Hardware

After a long period of steady growth, desktop commodity computer architecture has reached its ceiling on computing performance. Further progress is no longer enabled by growth in core clock rates, but by growth in parallelism. Many articles have been presented in the last editions of CILAMCE and MECOM on the use of multi-cored computing applied to a variety of problems. Furthermore, there is a growing trend toward parallel computation on the recently created general-purpose graphics hardware (GPGPU). Due to its architecture, the GPU is specially well-suited to address problems that can be expressed as data-parallel computations with high arithmetic intensity (the ratio of arithmetic operations to memory operations) [2]. Recent works have been shown astonishingly fast computations.
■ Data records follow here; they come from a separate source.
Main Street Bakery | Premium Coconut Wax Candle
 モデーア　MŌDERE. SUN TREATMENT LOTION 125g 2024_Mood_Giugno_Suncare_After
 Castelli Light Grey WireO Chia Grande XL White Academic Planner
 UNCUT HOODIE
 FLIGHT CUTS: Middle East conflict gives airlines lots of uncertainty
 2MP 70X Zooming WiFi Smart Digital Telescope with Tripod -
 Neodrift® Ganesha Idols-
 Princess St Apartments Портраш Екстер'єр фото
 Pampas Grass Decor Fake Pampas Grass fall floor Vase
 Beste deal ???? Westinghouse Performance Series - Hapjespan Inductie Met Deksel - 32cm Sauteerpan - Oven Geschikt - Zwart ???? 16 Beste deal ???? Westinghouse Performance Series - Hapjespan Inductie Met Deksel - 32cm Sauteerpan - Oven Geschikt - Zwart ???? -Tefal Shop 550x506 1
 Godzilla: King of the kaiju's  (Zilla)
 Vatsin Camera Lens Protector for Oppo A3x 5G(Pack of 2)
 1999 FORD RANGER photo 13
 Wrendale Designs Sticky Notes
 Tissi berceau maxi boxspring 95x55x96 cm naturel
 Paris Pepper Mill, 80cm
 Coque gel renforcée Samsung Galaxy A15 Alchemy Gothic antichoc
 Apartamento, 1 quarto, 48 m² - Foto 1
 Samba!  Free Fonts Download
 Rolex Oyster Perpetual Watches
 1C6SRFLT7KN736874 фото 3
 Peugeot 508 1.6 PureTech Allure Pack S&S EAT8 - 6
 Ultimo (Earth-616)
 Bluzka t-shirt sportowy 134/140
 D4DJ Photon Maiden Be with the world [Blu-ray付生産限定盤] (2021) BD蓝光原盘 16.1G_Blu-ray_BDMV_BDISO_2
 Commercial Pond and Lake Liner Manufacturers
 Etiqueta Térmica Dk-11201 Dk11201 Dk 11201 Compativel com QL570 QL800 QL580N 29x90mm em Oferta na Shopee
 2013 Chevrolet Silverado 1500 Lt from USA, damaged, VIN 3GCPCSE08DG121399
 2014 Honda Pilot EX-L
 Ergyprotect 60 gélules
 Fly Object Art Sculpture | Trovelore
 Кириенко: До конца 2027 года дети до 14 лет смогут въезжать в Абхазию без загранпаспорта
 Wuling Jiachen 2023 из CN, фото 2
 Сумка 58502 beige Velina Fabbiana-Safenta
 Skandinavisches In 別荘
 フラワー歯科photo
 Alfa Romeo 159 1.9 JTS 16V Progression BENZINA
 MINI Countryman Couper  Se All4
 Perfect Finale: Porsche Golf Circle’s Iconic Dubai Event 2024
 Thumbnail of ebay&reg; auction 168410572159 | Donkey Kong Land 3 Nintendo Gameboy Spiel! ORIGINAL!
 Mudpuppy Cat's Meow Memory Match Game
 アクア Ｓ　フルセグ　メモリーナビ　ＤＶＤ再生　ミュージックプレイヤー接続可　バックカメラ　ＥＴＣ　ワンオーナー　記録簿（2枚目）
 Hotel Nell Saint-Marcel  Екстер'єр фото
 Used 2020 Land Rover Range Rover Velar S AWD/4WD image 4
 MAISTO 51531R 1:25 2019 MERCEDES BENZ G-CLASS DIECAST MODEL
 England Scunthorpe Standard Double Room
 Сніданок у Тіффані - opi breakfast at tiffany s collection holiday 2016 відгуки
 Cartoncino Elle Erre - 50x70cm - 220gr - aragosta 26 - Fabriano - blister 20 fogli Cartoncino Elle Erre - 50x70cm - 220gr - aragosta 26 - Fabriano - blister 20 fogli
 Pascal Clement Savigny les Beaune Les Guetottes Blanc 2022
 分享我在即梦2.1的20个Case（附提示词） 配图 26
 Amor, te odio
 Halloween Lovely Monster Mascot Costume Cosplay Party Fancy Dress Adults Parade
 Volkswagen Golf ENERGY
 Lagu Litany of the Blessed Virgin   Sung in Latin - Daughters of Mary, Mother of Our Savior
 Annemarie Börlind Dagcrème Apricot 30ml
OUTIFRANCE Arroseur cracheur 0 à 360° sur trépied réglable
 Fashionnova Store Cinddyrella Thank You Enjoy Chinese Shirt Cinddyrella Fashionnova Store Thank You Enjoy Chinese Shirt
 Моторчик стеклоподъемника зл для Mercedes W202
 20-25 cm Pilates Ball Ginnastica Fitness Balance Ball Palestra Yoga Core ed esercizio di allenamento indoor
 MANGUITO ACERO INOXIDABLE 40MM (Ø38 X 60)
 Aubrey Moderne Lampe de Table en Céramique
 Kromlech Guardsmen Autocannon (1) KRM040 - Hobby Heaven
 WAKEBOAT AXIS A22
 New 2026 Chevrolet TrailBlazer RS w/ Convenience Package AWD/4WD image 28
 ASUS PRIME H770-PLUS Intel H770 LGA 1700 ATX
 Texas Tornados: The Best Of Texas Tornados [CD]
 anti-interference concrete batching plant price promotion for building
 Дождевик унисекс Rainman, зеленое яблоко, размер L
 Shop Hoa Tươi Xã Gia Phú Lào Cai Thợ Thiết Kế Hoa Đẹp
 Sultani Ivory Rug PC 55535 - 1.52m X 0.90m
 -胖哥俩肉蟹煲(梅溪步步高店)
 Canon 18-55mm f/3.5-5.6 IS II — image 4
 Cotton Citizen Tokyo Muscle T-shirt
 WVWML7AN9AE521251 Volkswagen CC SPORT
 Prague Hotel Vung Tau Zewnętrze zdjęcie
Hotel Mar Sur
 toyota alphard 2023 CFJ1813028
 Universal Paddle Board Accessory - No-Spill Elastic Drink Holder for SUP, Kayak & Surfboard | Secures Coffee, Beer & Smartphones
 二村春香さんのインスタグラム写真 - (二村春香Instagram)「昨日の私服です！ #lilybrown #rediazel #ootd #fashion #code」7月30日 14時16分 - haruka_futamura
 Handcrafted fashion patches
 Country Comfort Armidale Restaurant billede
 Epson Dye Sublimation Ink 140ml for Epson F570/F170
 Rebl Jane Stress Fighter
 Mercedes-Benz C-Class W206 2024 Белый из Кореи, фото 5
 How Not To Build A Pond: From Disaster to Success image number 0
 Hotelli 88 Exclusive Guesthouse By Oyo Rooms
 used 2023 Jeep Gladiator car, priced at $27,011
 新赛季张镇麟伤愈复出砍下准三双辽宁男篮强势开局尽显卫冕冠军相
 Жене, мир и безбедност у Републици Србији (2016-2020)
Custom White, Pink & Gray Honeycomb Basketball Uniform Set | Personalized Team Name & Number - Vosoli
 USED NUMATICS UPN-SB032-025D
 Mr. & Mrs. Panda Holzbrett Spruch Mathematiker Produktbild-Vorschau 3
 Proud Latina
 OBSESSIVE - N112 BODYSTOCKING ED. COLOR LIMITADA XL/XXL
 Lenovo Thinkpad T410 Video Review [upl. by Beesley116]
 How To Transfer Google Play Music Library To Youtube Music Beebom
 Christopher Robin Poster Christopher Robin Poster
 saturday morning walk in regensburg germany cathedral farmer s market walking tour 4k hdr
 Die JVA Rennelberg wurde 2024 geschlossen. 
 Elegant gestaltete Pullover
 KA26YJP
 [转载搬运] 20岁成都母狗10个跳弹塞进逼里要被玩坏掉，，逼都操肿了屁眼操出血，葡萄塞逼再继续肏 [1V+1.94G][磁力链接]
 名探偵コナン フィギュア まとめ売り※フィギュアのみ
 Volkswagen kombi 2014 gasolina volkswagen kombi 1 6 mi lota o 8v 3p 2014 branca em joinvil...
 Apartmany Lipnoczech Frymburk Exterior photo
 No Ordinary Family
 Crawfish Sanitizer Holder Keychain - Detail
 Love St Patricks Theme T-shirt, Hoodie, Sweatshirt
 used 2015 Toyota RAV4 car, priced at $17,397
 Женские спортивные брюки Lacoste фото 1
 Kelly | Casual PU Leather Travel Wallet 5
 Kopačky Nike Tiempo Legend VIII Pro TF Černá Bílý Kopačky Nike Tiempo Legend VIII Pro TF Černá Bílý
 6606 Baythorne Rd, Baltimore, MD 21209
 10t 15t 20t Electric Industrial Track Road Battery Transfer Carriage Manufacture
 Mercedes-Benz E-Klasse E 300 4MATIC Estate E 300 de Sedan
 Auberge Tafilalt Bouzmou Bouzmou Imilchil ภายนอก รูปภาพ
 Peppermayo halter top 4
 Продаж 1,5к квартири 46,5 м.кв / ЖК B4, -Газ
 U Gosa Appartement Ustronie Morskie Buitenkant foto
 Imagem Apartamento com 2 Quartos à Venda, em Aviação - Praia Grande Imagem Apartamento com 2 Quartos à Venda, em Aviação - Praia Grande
For instance, papers on the use of GPGPU for computational mechanics have been reporting performances up to 100 times faster than CPUs for solution of linear systems, and around 900 times faster for numerical solution of infinite oscillatory integrals [3]. The first edition of this mini-symposium on CILAMCE 2009 has shown that the GPU has been investigated by researches of a very broad range of subjects in computational modeling with considerable gains in performance. The idea of the present mini-symposium is to gather researchers working on HPC tasks using GPGPU systems, aiming to discuss the state of the art issues, exchange experiences and solutions for existing implementation strategies and problems.